Previous studies have shown that changes in corticospinal excitability were induced with ES applied during VMC [16, 31]; however, whether activity in the motor areas produced during VMC, regardless of the state of muscular contraction is important, has not yet been clarified. A significant point in this study is the suggestion that cerebral activity during MI plays an important role, in addition to the effect of ES, in changing corticospinal excitability, regardless of the VMC in the periphery.

The MEP latency was shorter during MI than during ES. A potential reason for this difference in MEP latency is that MEP transmission from the motor cortex was modulated at different anatomical locations between the 2 conditions. Previous studies have shown that neural activity increases in the motor areas during MI [1720, 2628], suggesting that the MEP increase evoked during MI is likely due to cerebral activation. Furthermore, a shortened latency was noted during VMC; however, the latency in ESMI was unclear, even though MEP amplitude obviously increased. The difference in MEP latency may be due to differences in the anatomical level at which motoneuron excitability was modulated.
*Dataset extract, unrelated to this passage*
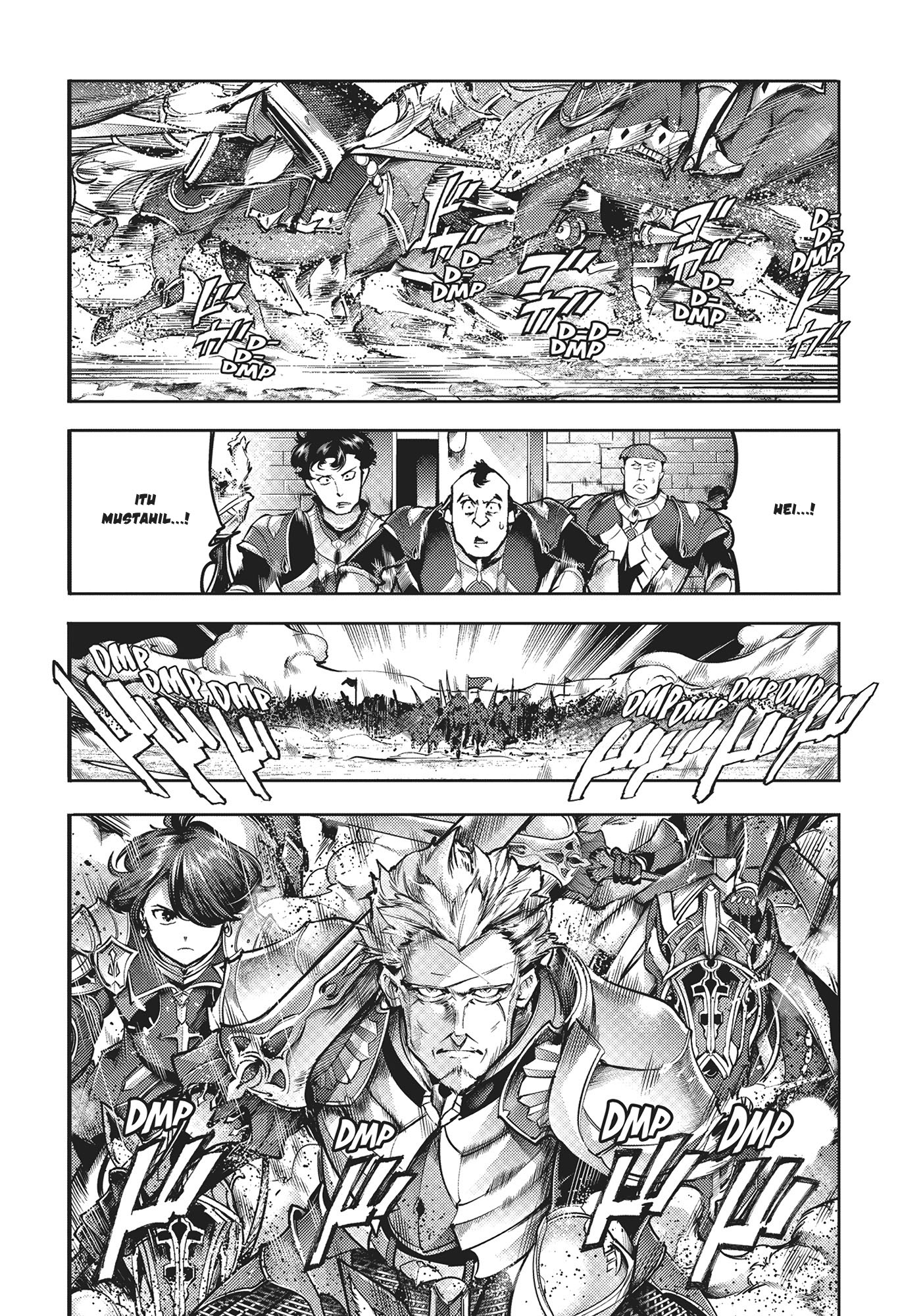 World’s End Harem FANTASIA Chapter 60 - halaman 18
One limitation of this study was that voluntary muscle activity during the ESMI condition was not analyzed, whereas the absence of muscular activity was recognized during the MI condition. Furthermore, the absence of EMG was confirmed, at least during the periods when only MI was executed before ES had begun in the ESMI condition. The mechanism of corticospinal excitability reinforcement during ESMI was not investigated in detail. However, it was shown that the combination of intention and ES increased corticospinal excitability, and this may prove to be clinically useful. For example, when functional neuromuscular electrical stimulation would be applied to a patient with stroke to facilitate the cortcicospinal excitability in the involved side, applying it with motor imagery or intension of a movement should be recommended.

Conclusions

Although the exact mechanisms remain unclear, we successfully reproduced augmented corticospinal excitability during ESMI at a level similar to that observed during VMC. Future studies are necessary to reveal whether sustaining this condition can cause short-term potentiation at the cortical level and is clinically useful in motor rehabilitation.